(INPUT begins)
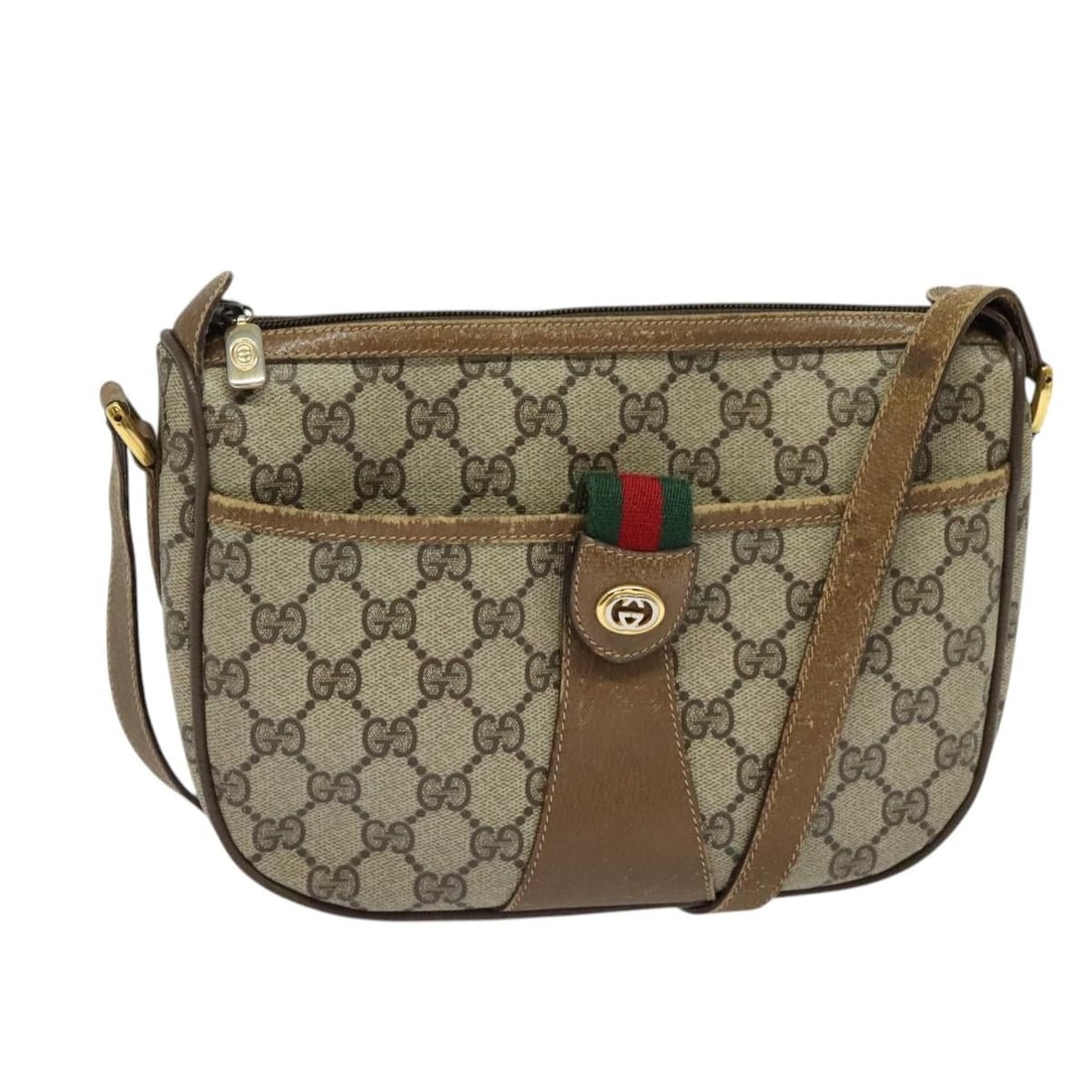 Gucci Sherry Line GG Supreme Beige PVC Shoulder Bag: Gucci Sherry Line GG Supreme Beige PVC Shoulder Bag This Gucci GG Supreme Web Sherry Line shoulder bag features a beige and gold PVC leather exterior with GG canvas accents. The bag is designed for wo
(INPUT ends)
(INPUT begins)
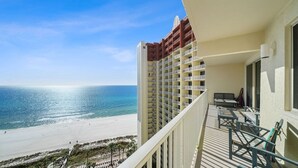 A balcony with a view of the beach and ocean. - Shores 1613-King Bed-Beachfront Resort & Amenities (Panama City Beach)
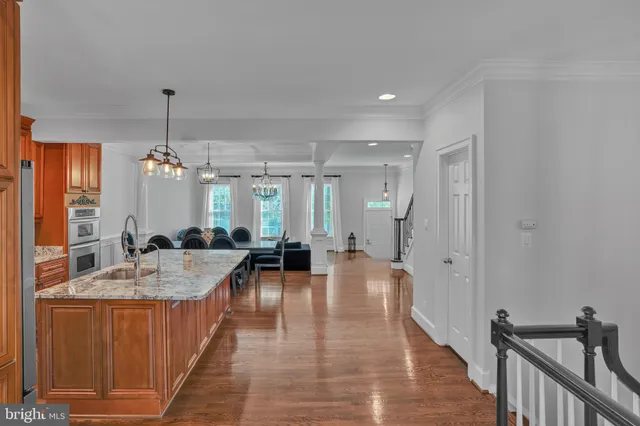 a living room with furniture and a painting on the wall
(INPUT ends)
**TASK ITEM:** In the listing above, find the line with "A balcony with" and output it and every line after it up to and including the line with "a living room", exactly, minus the pictures.

**RESULT OF THE EXERCISE:**
 A balcony with a view of the beach and ocean. - Shores 1613-King Bed-Beachfront Resort & Amenities (Panama City Beach)
 a living room with furniture and a painting on the wall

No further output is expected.